Die Fahrt von Pune nach Mumbai dauert etwa drei Stunden. Eine Stunde, um aus Pune rauszukommen, eine Stunde für die Fahrt übers Land, eine Stunde, um nach Mumbai reinzukommen. Man fährt über eine Passtrasse, zuerst rauf und dann runter. Eine Bergrallye in den Pyrenäen ist dagegen eine Übung für Rollstuhlfahrer. Die Strasse ist extrem kurvig und eng, die Fahrer lassen es krachen. Janjeev hat seine eigene Technik. Statt zu bremsen, wenn ein Laster vor ihm auftaucht, gibt er Gas, fährt dicht auf, hupt und schaltet das Fernlicht an; etwa einen halben Meter vor dem feindlichen Objekt zieht er nach links oder rechts rüber, genau in die Lücke zwischen dem Laster vor ihm und dem Laster hinter ihm.

Ich sage „Matka boska czestochowska“ und schwöre, dass ich an das Grab des Rabbi von Bratzlav pilgern werde, wenn ich diese Fahrt überlebe. Janjeev macht sich eine Zigarette an und steuert mit den Knien.

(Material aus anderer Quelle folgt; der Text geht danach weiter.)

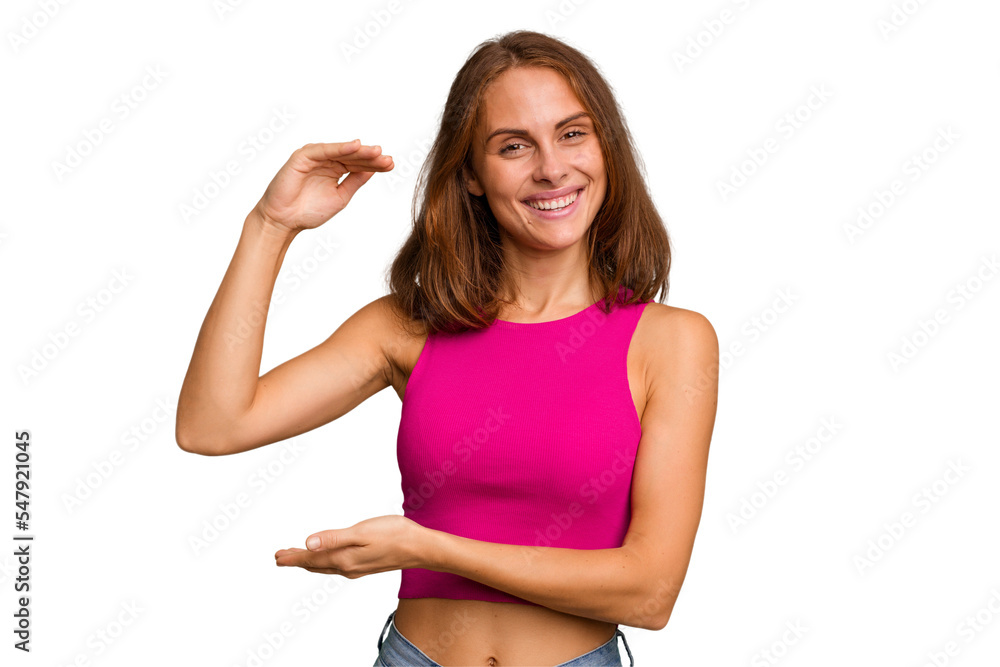 Young caucasian woman isolated holding something little with forefingers, smiling and confident. Young caucasian woman isolated holding something little with forefingers, smiling and confident.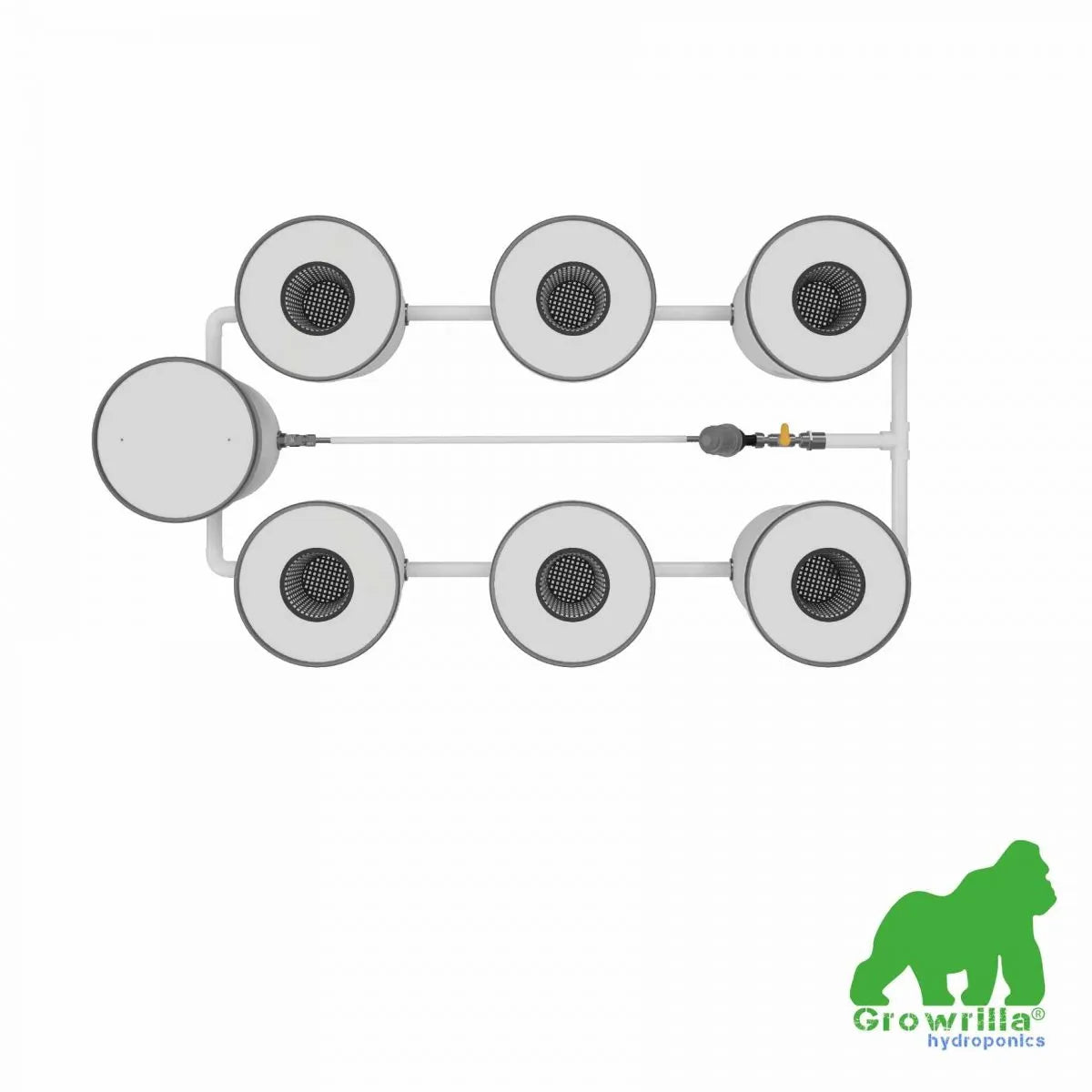 Growrilla (R)DWC Hydroponic 2.0 System – 6 Beholdere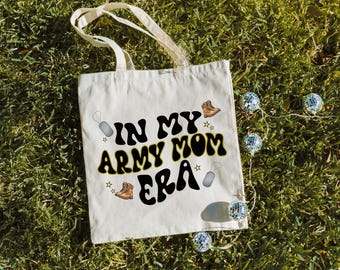 In my Army Mom Era 12x15 durable canvas tote for shopping and errands, thoughtful military mom gift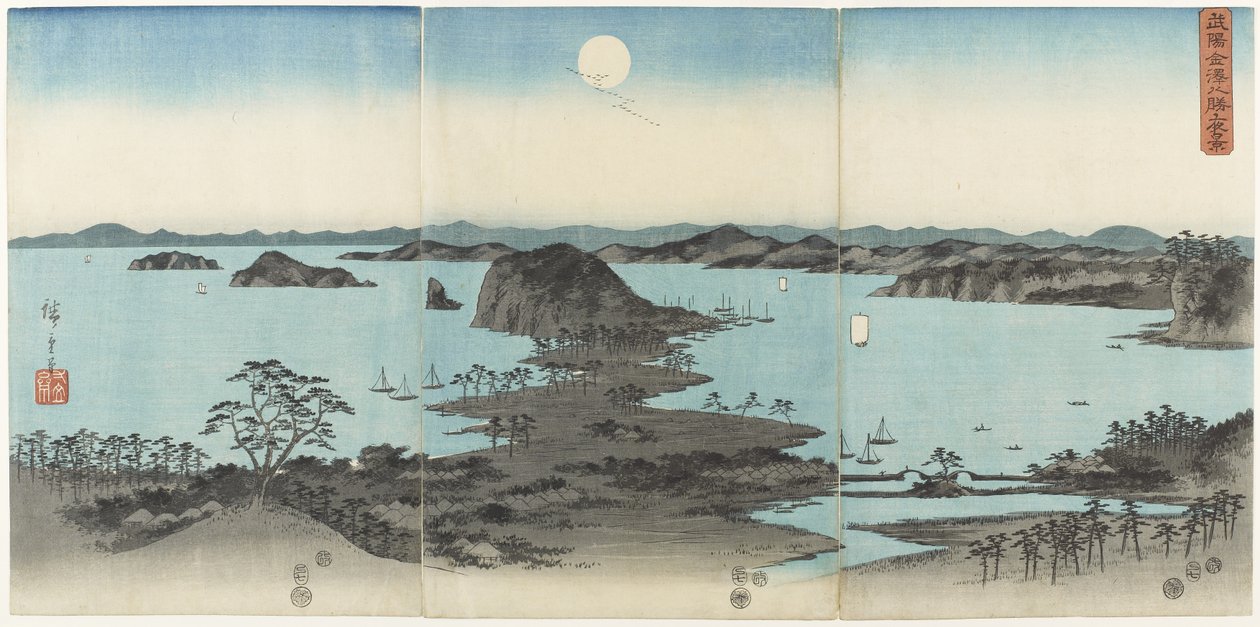 Åtta utsikter över Kanazawa i Musashi-provinsen på natten, juli 1857 av Utagawa Hiroshige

Mumbai um Mitternacht ist so, wie Dante sich die Hölle vorgesellt hat. Nach amtlichen Angaben sollen 15 Millionen in der Stadt leben, es müssen dreimal so viele sein. Tausende von Taxis und Motorrikschas machen sich die Strasse streitig, Menschen campieren unter Brücken, kaputte Lastwagen stehen quer auf der Fahrbahn. Ich frage mich, wie es die Attentäter vom 26.11.2008 geschafft haben, in diesem Chaos an ihre Einsatzorte zu kommen.

Dann endlich das erste erlösende Zeichen: Mumbai International Airport. Es ist, als würde ein Schild bei Duisburg sagen: nach Dortmund rechts abbiegen. Der Verkehr wird immer dichter, die Luft immer stickiger. Wenn die Grünen einen ihrer Parteitage hier abhalten würden, würde es sogar Claudia Roth die Stimme verschlagen.

An der Zufahrtstrasse zum Flughafen geht dann nichts immer. Der Verkehr wird von drei Spuren auf eine verengt. Bevor wir das Nadelöhr erreichen, schleichen wir an großen Schildern vorbei: „Save Energy!“ Janjeev nimmt die Aufforderung wörtlich. Er stellt den Motor ab, steigt aus und macht die Motorhaube auf. In aller Ruhe wechselt er eine Sicherung aus und füllt Wasser in den Kühler nach. Mich wundert nichts mehr. Nicht einmal, dass rechts und links Taxen an uns vorbei rollen, die von den Passagieren geschoben werden, während die Fahrer sich an das Lenkrad klammern.

Die letzten 300 Meter sind die schlimmsten, ein Kampf aller gegen alle, so muss es damals zugegangen sein, als die Plätze für die Arche Noah vergeben wurden.

Endlich am LH-Schalter angekommen, lasse ich mich upgraden und gehe in die Business-Lounge. Diesen kleinen Luxus habe ich mir hart erarbeitet. Neben mir sitzt ein älterer Inder. Er kommt mir irgendwie bekannt vor. „Gestern abend, auf dem Dachgarten im Hotel O“, sagt er und erzählt mir dann, dass er sieben Stunden unterwegs war, weil sein Fahrer sich in Mumbai verfahren hatte. Da habe ich ja noch mal Glück gehabt.